Mr. DeSantis calls himself “one of the earliest opponents in Congress of the Russia collusion investigation,” and retells the decision to move the American embassy in Israel to Jerusalem from Tel Aviv with himself in a starring role. He also expresses disappointment that more wasn’t achieved in the first two years of the Trump presidency, when Republicans controlled both houses, particularly in terms of building the wall.

Mr. DeSantis calls Florida the “Free State” and extolls the large migration of Americans there since the start of the pandemic. He highlights his pushback against Covid policy orthodoxy, from opposing vaccine mandates to opening businesses and schools early. He has largely been vindicated on his Covid policies, though he took major heat at the time.

Mr. DeSantis tries to frame his battle against critical race theory, gender ideology, and Disney in this same vein. This is not a book for the left — the New York Times promptly panned it — and Mr. DeSantis throws plenty of red meat to the base, particularly on these issues.

There are two lists in his book: One is his promises for his first term as governor, which, unsurprisingly, he counts as fulfilled. The longer list tallies examples of critical race theory and “woke indoctrination” that he says he pulled from the work of a Manhattan Institute scholar, Christopher Ruffo. Those who don’t already agree with Mr. DeSantis on these issues are unlikely to be persuaded. 

Democrats and some Republicans have criticized Mr. DeSantis for using governmental power to go after private businesses like Disney. Mr. DeSantis defends his wielding of what he calls a strong Hamiltonian executive to push back against liberal ideology. He says that when he first entered office he asked staff to “amass an exhaustive list of all the constitutional, statutory, and customary powers of the governor.” He is critical of traditional limited-government conservatives.

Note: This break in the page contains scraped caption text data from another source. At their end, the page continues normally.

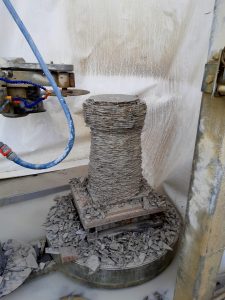 voorzagen van granieten schachtstuk op zaagmachine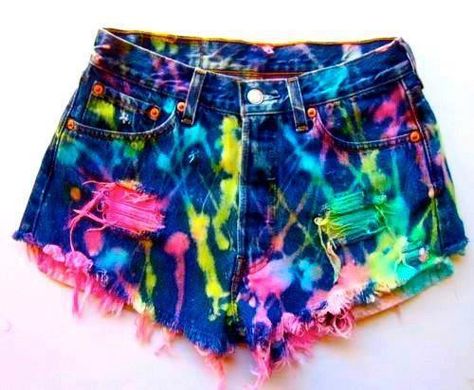 love love love these!!! Diy Neon Outfits Ideas, Rave Bras, Ty Dye, Painted Shorts, Neon Shorts, Reworked Denim, Edm Rave, Diy Shorts, Rave Bra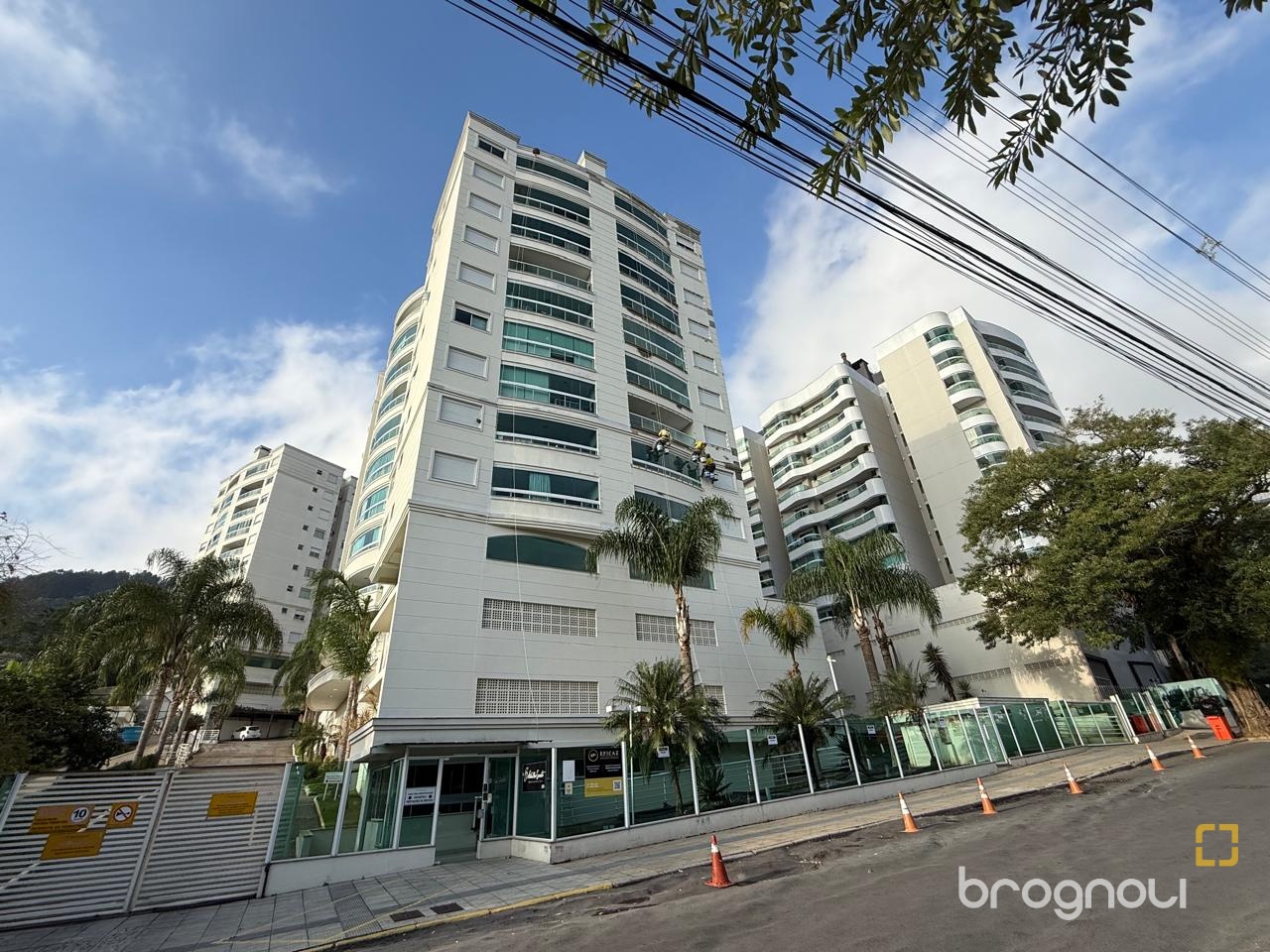 Apartamento com 77m², 2 quartos (sendo 1 suíte), 1 garagem, no bairro Itacorubi em Florianópolis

“For years, the default conservative posture has been to limit government and then get out of the way,” Mr. DeSantis writes. “Elected officials who do nothing more than get out of the way are essentially green-lighting these institutions to continue their unimpeded march through society.”

On an ironic note considering his battle with the company, Mr. DeSantis discloses that he got married at Disney World. He also describes his wife’s battle with breast cancer, and the details of his marriage and family relationship add a humanizing touch.

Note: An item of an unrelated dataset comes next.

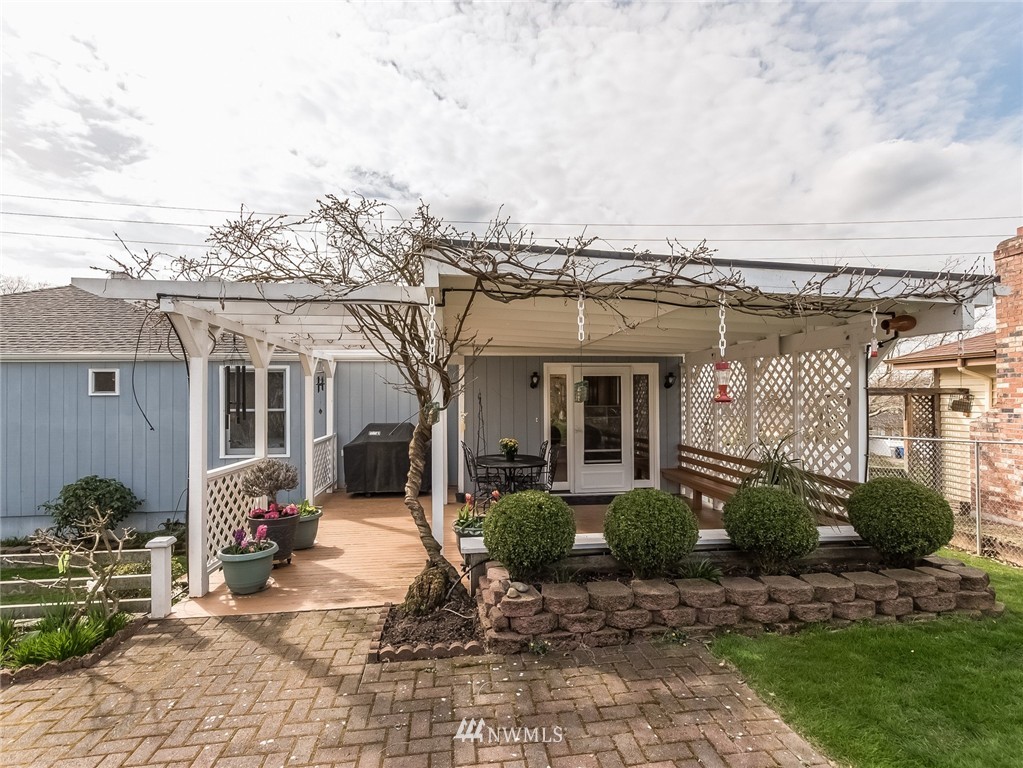 1726 Shattuck Avenue South Renton, WA 98055 - Photo 21 of 25 Gallery Image 21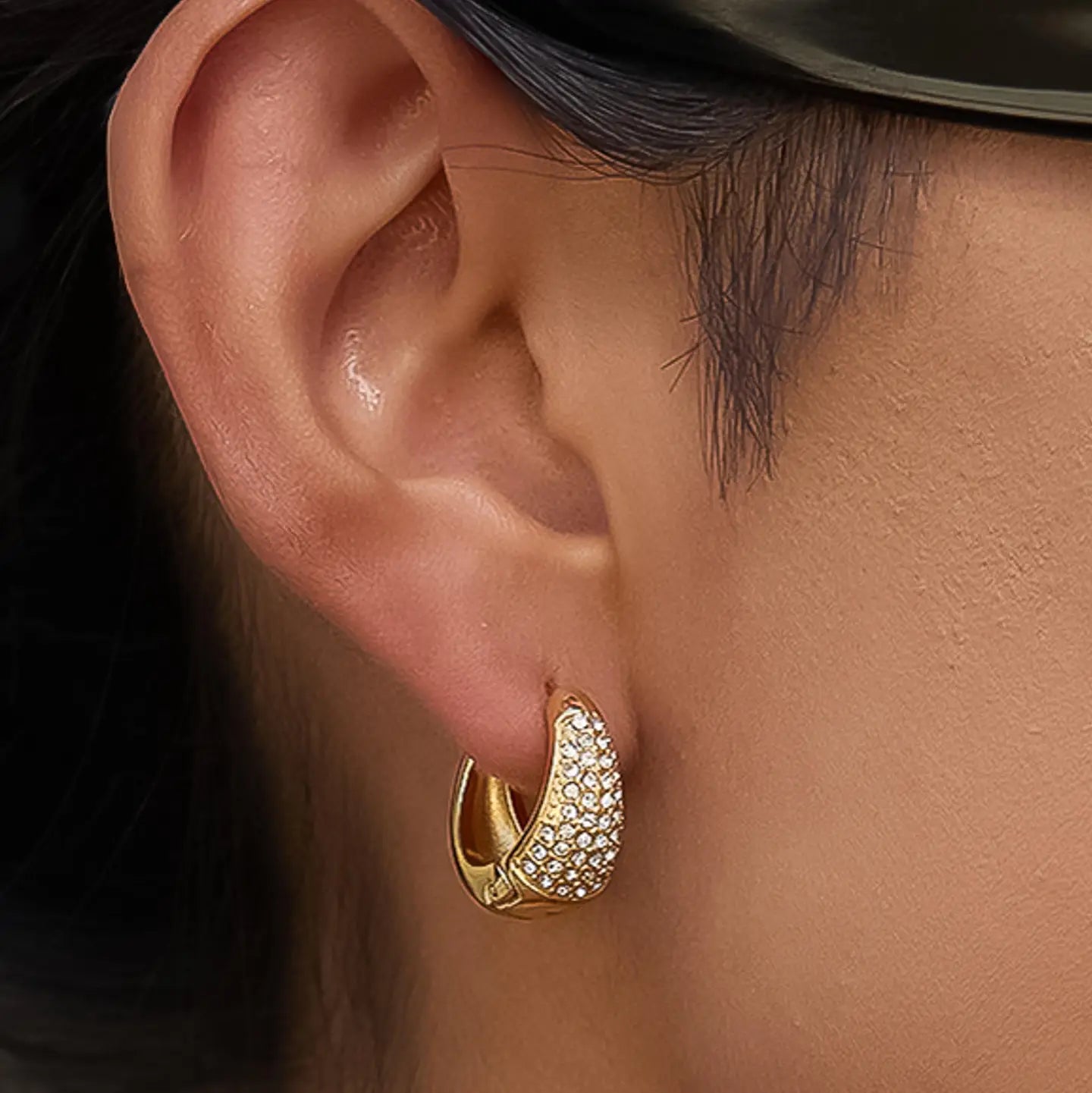 Aurven 18K Gold Non-Tarnish Crystal Teardrop Hoop Earrings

Mr. DeSantis attempts to portray himself as a capable and effective governor, and to show how his model for Florida can be adopted for America. The theme that he bucks public opinion polls and forges his way with “courage” gets repetitive halfway through the book, as all stump speeches do. 

Mr. DeSantis is writing for the GOP primary voter rather than trying to win over disaffected liberals or moderates. He is positioning himself as the most capable defender of “common sense” Americans. 

For those who want to “Make America Florida,” Mr. DeSantis makes a compelling case for his candidacy. For those who think Mr. DeSantis has gone too far in using his executive power to limit dissenting views from his own, his prose is unlikely to change their vote.